Class TokenizerMatch

java.lang.Object
eu.svjatoslav.commons.string.tokenizer.TokenizerMatch

public class TokenizerMatch extends Object
Represents a matched token from the tokenizer.

TokenizerMatch contains all information about a token that was extracted from the source string:

  • token - The actual text content of the token
  • terminator - The Terminator that identified this token
  • matcher - The regex Matcher used for matching

Key methods:

Example usage:


 TokenizerMatch match = tokenizer.getNextToken();

 System.out.println("Token: " + match.token);

 if (match.isGroup("number")) {
     int value = Integer.parseInt(match.token);
 }

 if (match.isGroup("string")) {
     String[] groups = match.getRegExpGroups();
     // groups[0] might be the string content without quotes
 }
 

For tokens that were accumulated text (not matched by a terminator), the terminator and matcher fields will be null.

See Also:
  • Field Details

    • token

      public final String token
      The text content of the matched token.

      This is the actual substring from the source that was identified as a token.
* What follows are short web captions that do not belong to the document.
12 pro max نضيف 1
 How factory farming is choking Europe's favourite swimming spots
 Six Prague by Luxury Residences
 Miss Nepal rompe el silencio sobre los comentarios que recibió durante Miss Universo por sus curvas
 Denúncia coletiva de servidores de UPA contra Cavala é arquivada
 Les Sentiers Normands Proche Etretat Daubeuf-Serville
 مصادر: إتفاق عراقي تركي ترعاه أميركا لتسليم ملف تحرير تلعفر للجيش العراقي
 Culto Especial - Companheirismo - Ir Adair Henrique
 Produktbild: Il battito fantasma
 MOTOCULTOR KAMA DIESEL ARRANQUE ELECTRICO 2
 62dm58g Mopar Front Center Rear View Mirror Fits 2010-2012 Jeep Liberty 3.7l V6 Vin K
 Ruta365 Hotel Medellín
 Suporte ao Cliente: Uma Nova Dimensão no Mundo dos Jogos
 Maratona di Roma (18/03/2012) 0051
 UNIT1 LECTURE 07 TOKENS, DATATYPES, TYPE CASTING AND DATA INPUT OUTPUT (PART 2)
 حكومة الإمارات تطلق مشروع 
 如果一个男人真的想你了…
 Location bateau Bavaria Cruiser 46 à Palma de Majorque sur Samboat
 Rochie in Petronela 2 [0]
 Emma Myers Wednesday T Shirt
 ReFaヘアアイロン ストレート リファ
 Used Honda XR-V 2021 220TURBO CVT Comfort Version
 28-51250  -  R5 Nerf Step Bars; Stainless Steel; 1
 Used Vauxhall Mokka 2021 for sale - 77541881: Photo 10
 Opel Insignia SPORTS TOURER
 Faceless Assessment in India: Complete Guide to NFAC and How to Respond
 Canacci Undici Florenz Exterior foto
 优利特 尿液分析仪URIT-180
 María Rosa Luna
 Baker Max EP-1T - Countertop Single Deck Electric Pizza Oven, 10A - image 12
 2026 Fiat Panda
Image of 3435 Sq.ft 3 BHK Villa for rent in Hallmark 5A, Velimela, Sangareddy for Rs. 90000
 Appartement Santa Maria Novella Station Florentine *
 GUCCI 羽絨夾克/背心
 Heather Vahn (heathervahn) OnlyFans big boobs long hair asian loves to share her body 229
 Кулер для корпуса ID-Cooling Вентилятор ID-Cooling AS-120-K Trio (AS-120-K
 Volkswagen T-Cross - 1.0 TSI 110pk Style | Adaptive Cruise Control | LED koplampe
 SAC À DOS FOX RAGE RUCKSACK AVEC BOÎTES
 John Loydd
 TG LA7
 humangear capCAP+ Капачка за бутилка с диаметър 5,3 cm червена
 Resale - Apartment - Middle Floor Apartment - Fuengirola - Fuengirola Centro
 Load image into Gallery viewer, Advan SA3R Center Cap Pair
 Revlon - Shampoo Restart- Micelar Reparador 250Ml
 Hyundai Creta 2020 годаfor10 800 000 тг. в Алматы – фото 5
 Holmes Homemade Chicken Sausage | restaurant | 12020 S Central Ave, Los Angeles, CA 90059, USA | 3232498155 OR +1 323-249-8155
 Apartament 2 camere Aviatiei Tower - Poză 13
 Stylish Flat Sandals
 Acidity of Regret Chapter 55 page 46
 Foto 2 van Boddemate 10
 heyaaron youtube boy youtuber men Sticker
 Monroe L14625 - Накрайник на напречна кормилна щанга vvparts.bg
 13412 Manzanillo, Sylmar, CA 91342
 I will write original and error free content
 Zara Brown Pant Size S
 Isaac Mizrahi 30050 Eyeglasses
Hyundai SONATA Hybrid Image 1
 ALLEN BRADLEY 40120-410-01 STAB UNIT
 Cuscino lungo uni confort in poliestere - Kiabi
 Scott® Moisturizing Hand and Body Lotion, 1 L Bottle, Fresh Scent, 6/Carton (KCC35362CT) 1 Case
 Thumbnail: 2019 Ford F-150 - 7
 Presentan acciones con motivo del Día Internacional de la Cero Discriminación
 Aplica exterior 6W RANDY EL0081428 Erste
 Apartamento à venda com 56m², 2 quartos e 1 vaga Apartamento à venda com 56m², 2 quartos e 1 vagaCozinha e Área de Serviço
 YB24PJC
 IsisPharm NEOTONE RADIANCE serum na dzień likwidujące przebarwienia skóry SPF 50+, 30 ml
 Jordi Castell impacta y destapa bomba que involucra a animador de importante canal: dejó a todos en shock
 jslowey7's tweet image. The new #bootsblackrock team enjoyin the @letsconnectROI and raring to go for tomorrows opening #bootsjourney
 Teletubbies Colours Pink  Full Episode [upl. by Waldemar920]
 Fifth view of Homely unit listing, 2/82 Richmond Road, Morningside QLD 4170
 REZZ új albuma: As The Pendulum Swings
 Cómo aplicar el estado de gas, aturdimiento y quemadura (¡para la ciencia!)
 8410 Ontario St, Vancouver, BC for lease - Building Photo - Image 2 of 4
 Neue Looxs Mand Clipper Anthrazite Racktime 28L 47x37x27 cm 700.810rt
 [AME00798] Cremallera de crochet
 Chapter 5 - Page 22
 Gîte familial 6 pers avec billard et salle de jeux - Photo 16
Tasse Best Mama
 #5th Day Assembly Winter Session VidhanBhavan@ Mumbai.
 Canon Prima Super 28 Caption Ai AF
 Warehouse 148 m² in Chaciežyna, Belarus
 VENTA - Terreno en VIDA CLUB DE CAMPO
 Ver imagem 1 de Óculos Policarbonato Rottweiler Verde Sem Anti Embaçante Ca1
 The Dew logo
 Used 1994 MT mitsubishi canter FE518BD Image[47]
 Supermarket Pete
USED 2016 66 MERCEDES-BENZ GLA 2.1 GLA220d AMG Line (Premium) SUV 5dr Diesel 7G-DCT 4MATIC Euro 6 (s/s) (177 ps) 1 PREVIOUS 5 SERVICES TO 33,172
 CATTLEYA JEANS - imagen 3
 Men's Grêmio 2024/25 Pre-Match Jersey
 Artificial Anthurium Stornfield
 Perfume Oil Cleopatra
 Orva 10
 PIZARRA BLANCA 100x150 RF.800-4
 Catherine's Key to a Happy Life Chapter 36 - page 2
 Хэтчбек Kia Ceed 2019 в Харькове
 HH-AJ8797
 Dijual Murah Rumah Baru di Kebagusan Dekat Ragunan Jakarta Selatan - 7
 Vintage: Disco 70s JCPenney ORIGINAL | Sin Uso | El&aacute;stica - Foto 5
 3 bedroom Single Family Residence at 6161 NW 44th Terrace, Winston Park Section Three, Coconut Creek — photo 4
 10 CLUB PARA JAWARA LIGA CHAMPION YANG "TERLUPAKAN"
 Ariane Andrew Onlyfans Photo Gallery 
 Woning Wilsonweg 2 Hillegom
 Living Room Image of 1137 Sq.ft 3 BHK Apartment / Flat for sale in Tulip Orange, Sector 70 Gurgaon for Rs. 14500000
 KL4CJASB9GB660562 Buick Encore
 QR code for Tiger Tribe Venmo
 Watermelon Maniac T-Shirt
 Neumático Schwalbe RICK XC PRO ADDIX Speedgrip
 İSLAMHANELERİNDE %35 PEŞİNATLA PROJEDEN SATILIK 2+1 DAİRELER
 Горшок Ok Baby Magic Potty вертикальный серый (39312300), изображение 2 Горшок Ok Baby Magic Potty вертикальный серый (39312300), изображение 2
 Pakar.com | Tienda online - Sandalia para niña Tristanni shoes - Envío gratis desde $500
For accumulated text (no terminator match), this contains all characters accumulated before a terminator was found.

    • terminator

      public final Terminator terminator
      The Terminator that identified this token.

      May be null if this token was accumulated text rather than matched by a terminator. When not null, you can check the terminator's group to categorize the token.

    • matcher

      public final Matcher matcher
      The regex Matcher used to identify this token.

      May be null if this token was accumulated text. When not null, you can use this to extract capture groups from the match.

  • Constructor Details

    • TokenizerMatch

      public TokenizerMatch(String token, Terminator terminator, Matcher matcher, Tokenizer tokenizer)
      Creates a new TokenizerMatch with all components.
      Parameters:
      token - the matched text. May be empty but should not be null.
      terminator - the Terminator that matched this token. May be null for accumulated text tokens.
      matcher - the regex Matcher used for matching. May be null for accumulated text tokens.
      tokenizer - the Tokenizer that produced this match.
  • Method Details

    • isGroup

      public boolean isGroup(String group)
      Checks if this token belongs to the specified group.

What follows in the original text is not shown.